Practical Linux examples: Exercises

  1. Login (ssh) to the machine that you are assigned for this workshop. Prepare working directory, and copy data files into the working directory
  mkdir /workdir/$USER
  cd /workdir/$USER
  cp /shared_data/Linux_workshop2/* ./

  1. Inspect the contents of a compressed gff3 file (human.gff3.gz), using these Linux functions: zcat, head, tail, cut, less
zcat human.gff3.gz | head -n 100
zcat human.gff3.gz | tail -n 100
zcat human.gff3.gz| head -n 2000 | tail -n 1000 > mynew.gtf
zcat human.gff3.gz| head -n 4000 | tail -n 100 | cut -f 2-5,8
zcat human.gff3.gz| head -n 4000 | tail -n 100 | less -S

  1. Count the number of genes listed in the file, using these Linux functions: awk, uniq
zcat human.gff3.gz | wc -l 
zcat human.gff3.gz | awk '{if ($3=="gene") print}' |wc -l
zcat human.gff3.gz | grep -v "^#" | cut -f 3 | sort | uniq -c

  1. Convert the GFF3 file to BED file, using only the lines which third column equals to "gene". Then add "chr" to the chromosome name, so that chromosome 1 would be "chr1" instead of "1". Use Linux functions awk and sed for this exercise.
#The following three lines are in one single command
zcat human.gff3.gz | \
awk 'BEGIN {OFS = "\t"};{if ($3=="gene") print  $1,$4-1,$5}' | \
sed "s/^/chr/"> mygenes.bed 

  1. Get the size distribution of all genes, using the Linux functions: awk, sort and uniq
  1. Count the number of genes and pseudogenes in sliding windows across the whole chromosome, using Bedtools
bedtools makewindows -g hg19.txt -w 1000000 -s 1000000 > win1mb.bed

zcat human.gff3.gz | \
awk 'BEGIN {OFS = "\t"}; {if ($3=="gene") print $1,$4-1,$5}' | \
bedtools coverage -a win1mb.bed -b stdin -counts | \
LC_ALL=C sort -k1,1V -k2,2n > gene.cover.bed

 
zcat human.gff3.gz | \
awk 'BEGIN {OFS = "\t"}; \
{if (($3=="processed_pseudogene") || ($3=="pseudogene")) print $1,$4-1,$5}' | \
bedtools coverage -a win1mb.bed -b stdin -counts | \
LC_ALL=C sort -k1,1V -k2,2n > pseudogene.cover.bed

 
paste gene.cover.bed pseudogene.cover.bed | \
cut -f 1,2,3,4,8 > genecounts.txt

 

  1. In this exercise, you will use the fastx software to trim sequence adapters from a fastq file, then get size distribution of the trimmed sequencing reads.
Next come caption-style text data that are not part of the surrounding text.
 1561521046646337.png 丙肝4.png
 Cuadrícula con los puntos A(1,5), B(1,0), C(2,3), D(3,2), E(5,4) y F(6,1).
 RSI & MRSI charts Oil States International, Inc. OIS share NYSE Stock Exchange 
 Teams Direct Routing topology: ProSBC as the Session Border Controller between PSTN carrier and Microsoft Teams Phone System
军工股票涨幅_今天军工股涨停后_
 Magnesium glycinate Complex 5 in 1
You will use Linux functions grep, wc -l, awk. • Estimate the percentage of sequencing reads that contain the adapter sequence " AGATCGGAAGAGC". You can use the first 10,000 sequencing reads to estimate. Sometimes the first 10,000 reads are all low quality reads, then this estimation would not be accurate. In that case, you might want to use reads from the middle of the file by using "head -n xxxxx | tail -n xxxxx" command) ;

    • Remove the adapter sequences. Several software can do this, e.g. cutadapt and bbduk. In this exercise, you will use a pretty old tool called fastx_clipper, and write the output into a new fastq file "clean.fastq". • Calculate the read length distribution. In a fastq file, each sequence record has 4 lines and the second line of the record is the actual DNA sequence. The "awk" function has a variable "NR" that records the line number for each row. The expression (NR%4) gives you the remainder of NR divided by 4. The statement "if (NR%4 == 2) print length($0)" means "output the size of the second line in every sequence record". The output of awk can then be piped into "LC_ALL=C sort -n | uniq -c" to get the read size distribution.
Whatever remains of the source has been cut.